7:30am PST - A Place in the Sun (1951) – An ambitious young man wins an heiress’s heart but has to cope with his former girlfriend’s pregnancy. Cast: Montgomery Clift, Elizabeth Taylor, Shelley Winters, Anne Revere Dir: George Stevens BW-122 mins, TV-PG
When you hear the word “nuanced” from Hollywood today, dollars to donuts they mean “immoral,” as in, we’re going to appease some terrorists and sexualize young children and call it “sophisticated.” Whether they know it or not (and I think they do), those particular plot points don’t represent “subtle shades of meaning,” they represent appeasing terrorists and sexualizing young children.
True dramatic nuance, the idea of exploring the complexity of the human condition (as opposed to excusing repugnant behavior), can be found, not too surprisingly, in those old-fashioned, black and white flickers – and today’s pick is one of the finest examples you’re likely to come across.

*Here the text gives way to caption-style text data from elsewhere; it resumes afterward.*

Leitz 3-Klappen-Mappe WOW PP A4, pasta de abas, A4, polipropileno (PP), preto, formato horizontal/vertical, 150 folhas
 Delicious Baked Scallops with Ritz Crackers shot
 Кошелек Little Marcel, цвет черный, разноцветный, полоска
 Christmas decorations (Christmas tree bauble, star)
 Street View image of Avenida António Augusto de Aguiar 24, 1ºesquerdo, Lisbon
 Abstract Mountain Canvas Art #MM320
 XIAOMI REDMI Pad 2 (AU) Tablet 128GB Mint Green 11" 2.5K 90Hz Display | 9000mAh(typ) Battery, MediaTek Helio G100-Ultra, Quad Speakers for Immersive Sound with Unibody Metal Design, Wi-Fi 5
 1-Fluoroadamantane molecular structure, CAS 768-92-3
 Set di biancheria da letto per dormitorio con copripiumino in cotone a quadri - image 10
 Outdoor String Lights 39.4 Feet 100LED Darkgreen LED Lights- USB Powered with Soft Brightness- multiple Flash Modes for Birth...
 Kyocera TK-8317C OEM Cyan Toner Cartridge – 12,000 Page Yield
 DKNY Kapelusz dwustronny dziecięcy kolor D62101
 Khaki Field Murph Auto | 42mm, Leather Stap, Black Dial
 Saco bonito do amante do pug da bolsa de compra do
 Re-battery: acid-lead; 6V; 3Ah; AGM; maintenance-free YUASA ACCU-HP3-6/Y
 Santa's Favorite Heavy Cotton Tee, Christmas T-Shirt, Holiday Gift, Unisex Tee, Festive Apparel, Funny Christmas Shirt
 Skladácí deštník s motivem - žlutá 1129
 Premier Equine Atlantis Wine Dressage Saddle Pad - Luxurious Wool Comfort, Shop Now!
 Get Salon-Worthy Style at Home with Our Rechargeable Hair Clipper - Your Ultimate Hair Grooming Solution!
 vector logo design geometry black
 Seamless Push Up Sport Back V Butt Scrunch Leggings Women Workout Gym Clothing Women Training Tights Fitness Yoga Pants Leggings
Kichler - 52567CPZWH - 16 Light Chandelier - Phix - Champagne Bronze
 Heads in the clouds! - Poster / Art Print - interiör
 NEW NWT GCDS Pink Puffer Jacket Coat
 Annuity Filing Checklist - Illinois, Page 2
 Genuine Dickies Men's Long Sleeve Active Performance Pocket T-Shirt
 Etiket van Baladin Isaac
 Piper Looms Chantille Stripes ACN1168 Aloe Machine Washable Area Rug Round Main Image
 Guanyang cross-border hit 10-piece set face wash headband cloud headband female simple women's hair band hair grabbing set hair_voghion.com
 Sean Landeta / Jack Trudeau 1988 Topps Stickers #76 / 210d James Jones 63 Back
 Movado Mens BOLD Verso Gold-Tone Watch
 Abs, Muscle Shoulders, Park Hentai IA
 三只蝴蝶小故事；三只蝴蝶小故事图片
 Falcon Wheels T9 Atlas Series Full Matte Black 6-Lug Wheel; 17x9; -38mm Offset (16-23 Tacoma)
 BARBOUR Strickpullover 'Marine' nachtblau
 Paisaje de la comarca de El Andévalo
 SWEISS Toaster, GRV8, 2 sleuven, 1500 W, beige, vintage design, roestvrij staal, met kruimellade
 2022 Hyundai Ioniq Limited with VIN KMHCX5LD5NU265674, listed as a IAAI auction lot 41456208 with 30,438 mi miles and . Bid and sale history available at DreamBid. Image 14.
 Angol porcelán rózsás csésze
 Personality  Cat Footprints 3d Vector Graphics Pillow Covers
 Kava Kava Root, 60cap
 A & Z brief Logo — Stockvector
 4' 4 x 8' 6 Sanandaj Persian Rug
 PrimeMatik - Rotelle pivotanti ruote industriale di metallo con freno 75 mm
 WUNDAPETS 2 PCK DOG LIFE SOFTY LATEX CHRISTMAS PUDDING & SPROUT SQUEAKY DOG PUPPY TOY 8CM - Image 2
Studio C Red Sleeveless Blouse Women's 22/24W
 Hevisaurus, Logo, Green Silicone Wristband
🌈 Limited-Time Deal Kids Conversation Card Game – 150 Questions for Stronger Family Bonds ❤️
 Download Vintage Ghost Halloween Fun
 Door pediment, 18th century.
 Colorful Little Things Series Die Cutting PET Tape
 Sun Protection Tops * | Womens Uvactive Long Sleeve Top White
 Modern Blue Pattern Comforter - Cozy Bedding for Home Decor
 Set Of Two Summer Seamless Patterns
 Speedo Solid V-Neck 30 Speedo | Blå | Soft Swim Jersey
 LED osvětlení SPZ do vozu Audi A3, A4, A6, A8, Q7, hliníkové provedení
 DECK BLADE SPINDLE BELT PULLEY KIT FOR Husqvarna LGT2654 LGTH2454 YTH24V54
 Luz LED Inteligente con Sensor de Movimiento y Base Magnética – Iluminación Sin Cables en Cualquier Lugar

The power of George Stevens’ masterpiece is that no matter how many times you’ve seen it, you keep hoping a fit of cinematic magic will force events to unroll differently. Based on Theodore Dreiser’s 1925 novel “An American Tragedy,” which itself was inspired by a true story, “A Place in the Sun” would win six Oscars, including screenplay, cinematography, and director.
In other words, Montgomery Clift wuz robbed.
As George Eastman, Monty Clift performs a miracle on screen, retaining our sympathy even as he paints himself further and further into a dark corner with increasingly desperate and ultimately monstrous acts. The genius of the film is that while we’re never asked to excuse his behavior, by the time Eastman’s gone too far he’s so captured our sympathy we can’t help but hope for some kind of fate to step in and give him a do over.
Part of our sympathy may also arise from the fact that the idea of committing terrible deeds in order to be with Elizabeth Taylor at the pinnacle of her raven-haired beauty doesn’t seem altogether unreasonable, especially when the alternative is dowdy, grasping, needy Shelley Winters. Both actresses are terrific, especially Winters, who was actually something of a sex symbol at the time. In her entertaining autobiography. Winters blames this role (which she aggressively pursued) for typecasting her forevermore.
A one of a kind film. Not exactly Valentines Day material, unless your idea of celebrating the holiday is with a knot in your stomach slowly tightening over 122 expertly paced minutes.